Transverse wave vs the hairy-ball theorem Here is a question that I've had for $\geq$ 30 years but only now am in a position to ask properly. Electromagnetic waves are "transverse" which according to the textbooks means that the amplitude (in this case E and B fields) are perpendicular to the direction of propagation. 
Now, if we have a point source then the amplitude vectors should furnish a vector field defined on a small ball around that source but according to the aforementioned hairy-ball theorem such cannot exist in a continuous fashion. What is the way out of this? 
 A: The answer is that physical sources generally do not emit isotropically; instead, the archetypical radiator emits in a dipole pattern with the emission concentrated along a plane, with two zeros in its intensity distribution.
That said, it is possible to produce so-called isotropic radiators.


*

*One way is to have two orthogonal polarizations with complementary intensity distributions and then add them incoherently, i.e. having two sources without a definite phase relationship on the two, so they don't actually form a vector field. This is how light from a star, even when monochromatized, gets to have an isotropic intensity distribution.

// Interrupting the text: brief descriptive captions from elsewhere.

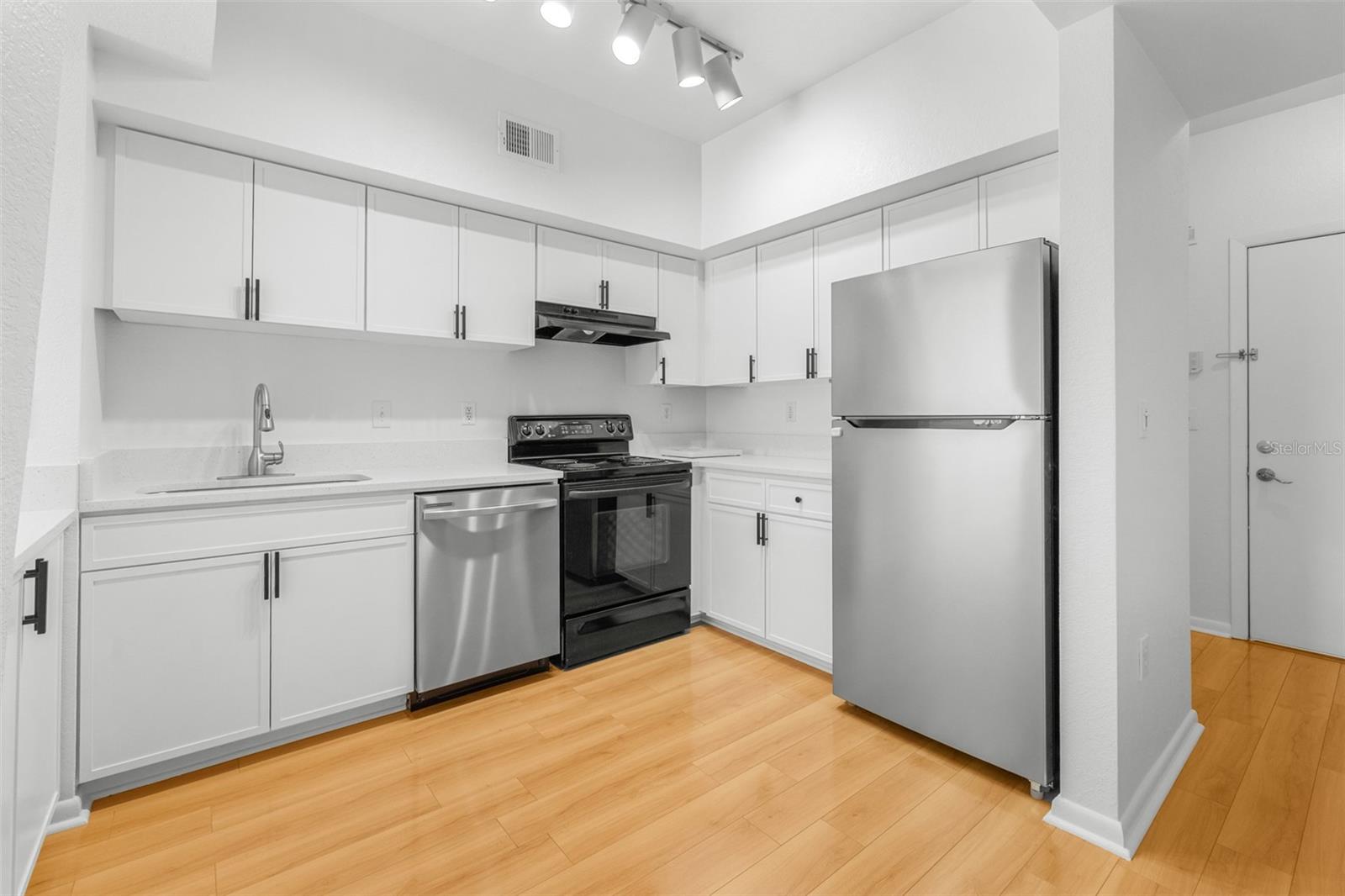 Image 13 of 57 For 2421 Horatio Street 835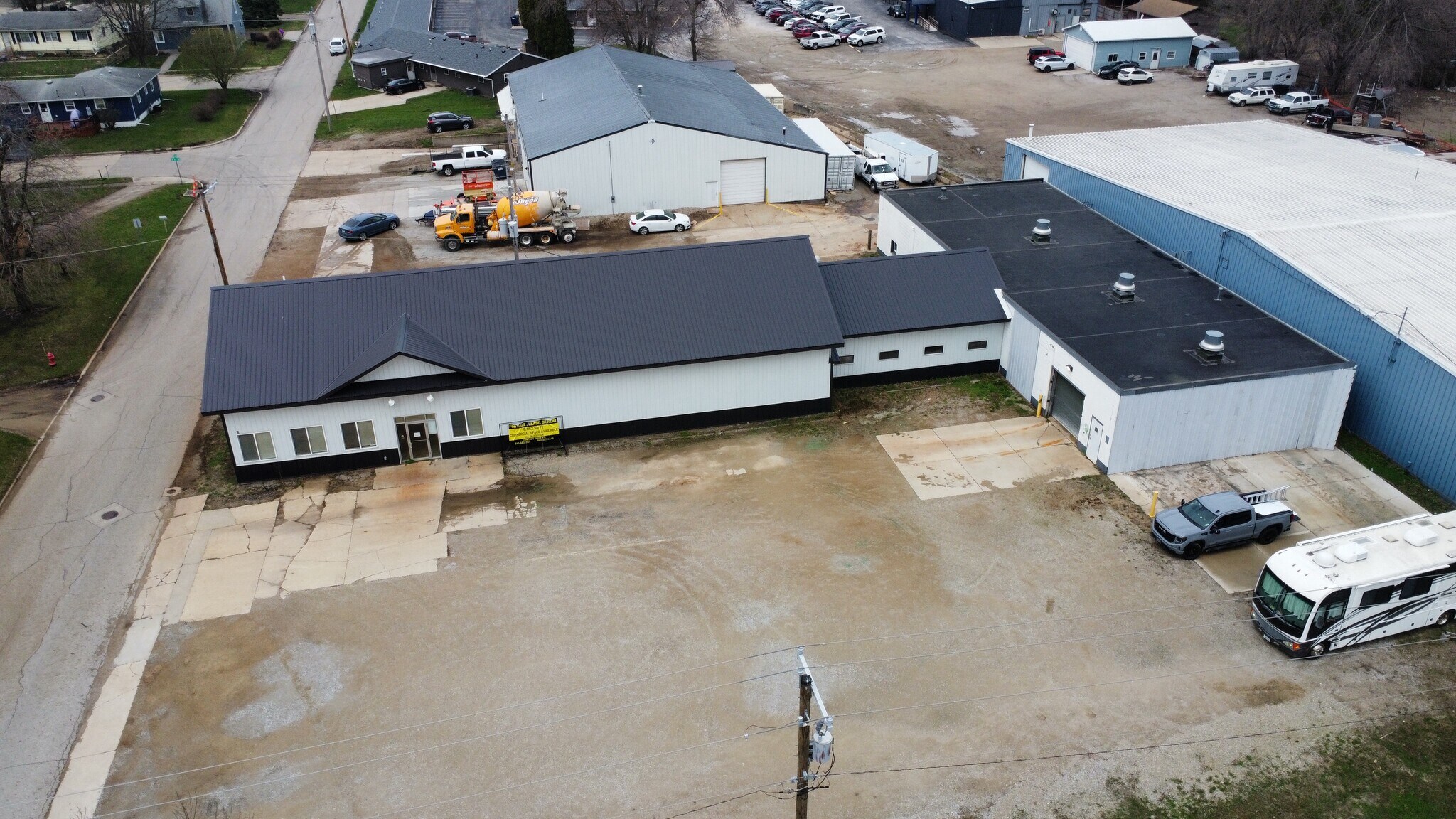 1315 S 8th St, Clear Lake, IA for Sale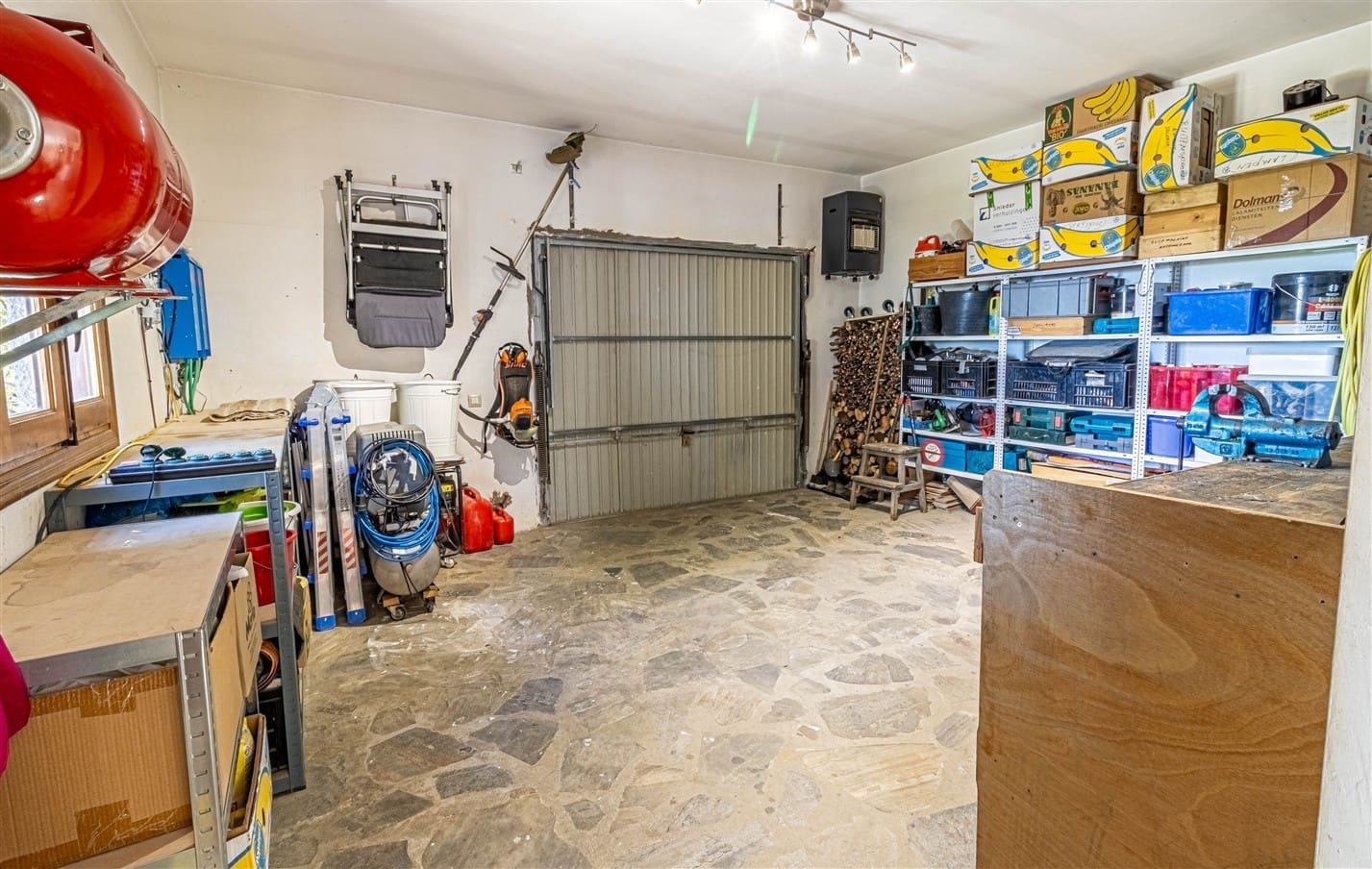 3 soveværelse Finca/Landehus til salg i Yegen med garage - € 210.000 (Ref: 9231779)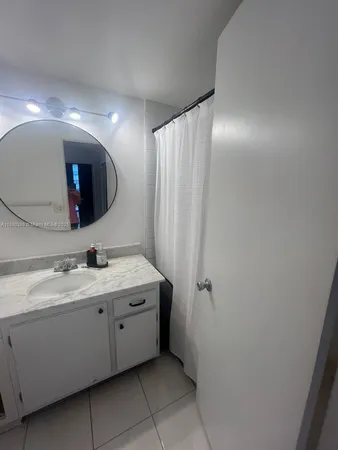 $1,800 | 2750 Northeast 183rd Street, Unit 1612, Aventura, FL 33160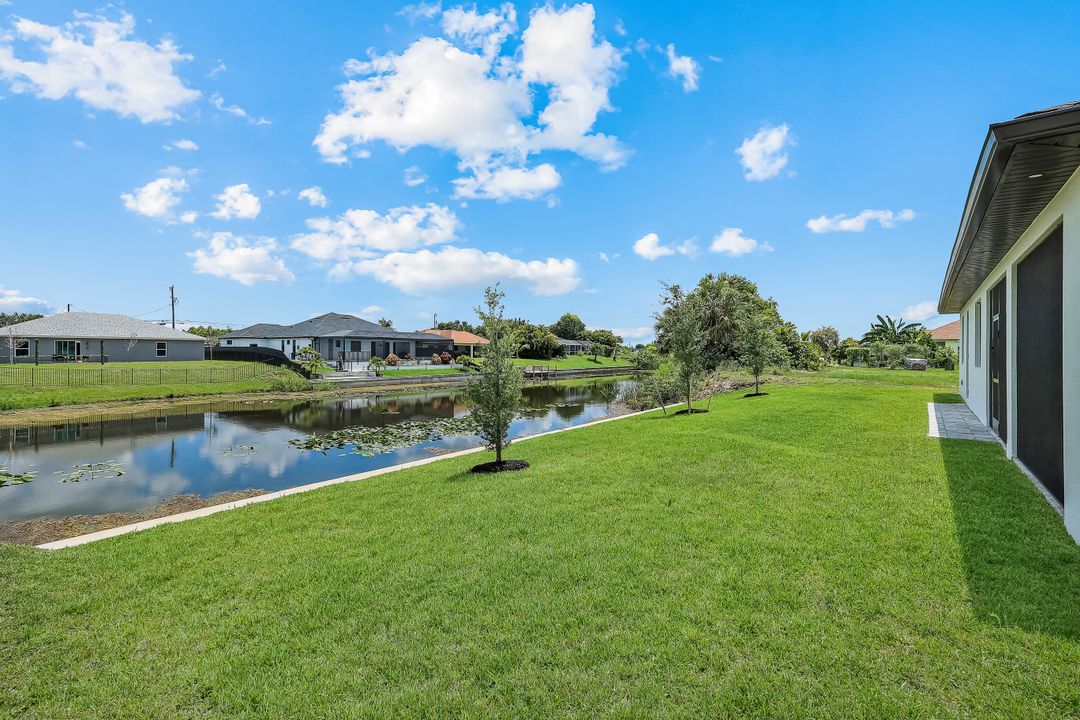 313 NE 5th St, Cape Coral, FL 33990
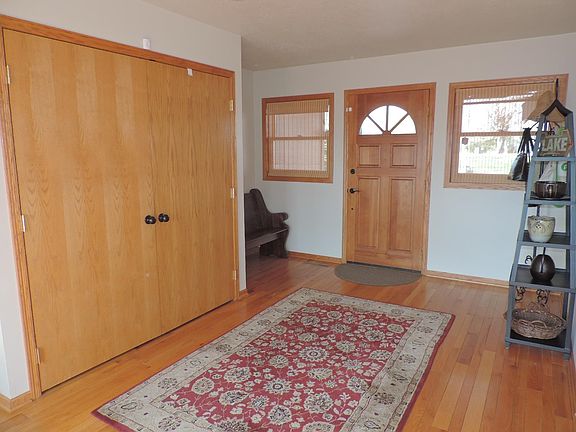 3rd image of 226 Marina Dell Ave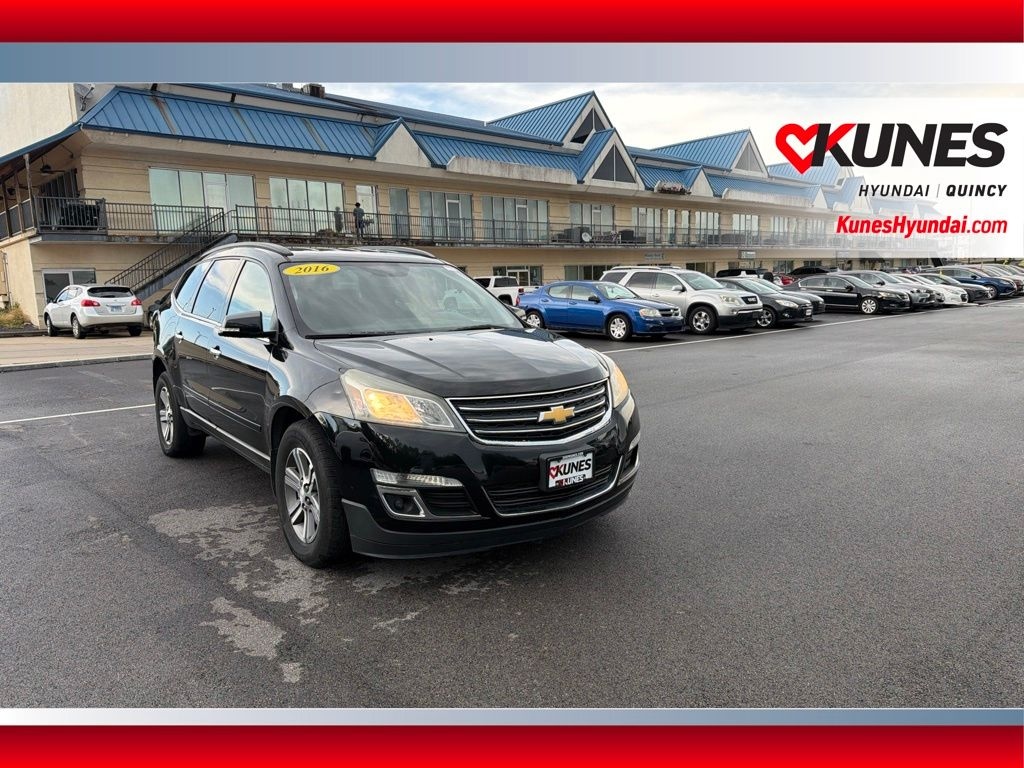 Used 2016 Chevrolet Traverse LT w/2LT SUV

*The more interesting way is to do this coherently, by exploiting the fact that monochromatic EM radiation can quite happily accommodate circular polarizations. For more details, see How do coherent isotropic radiators evade the hairy-ball theorem?.
A: The long distance component of electromagnetic radiation is dipolar, not monopolar. That means that you need to choose a direction for the dipole emitters before writing a generic wave solution. Only scalar fields can have monopolar terms, like pressure for example.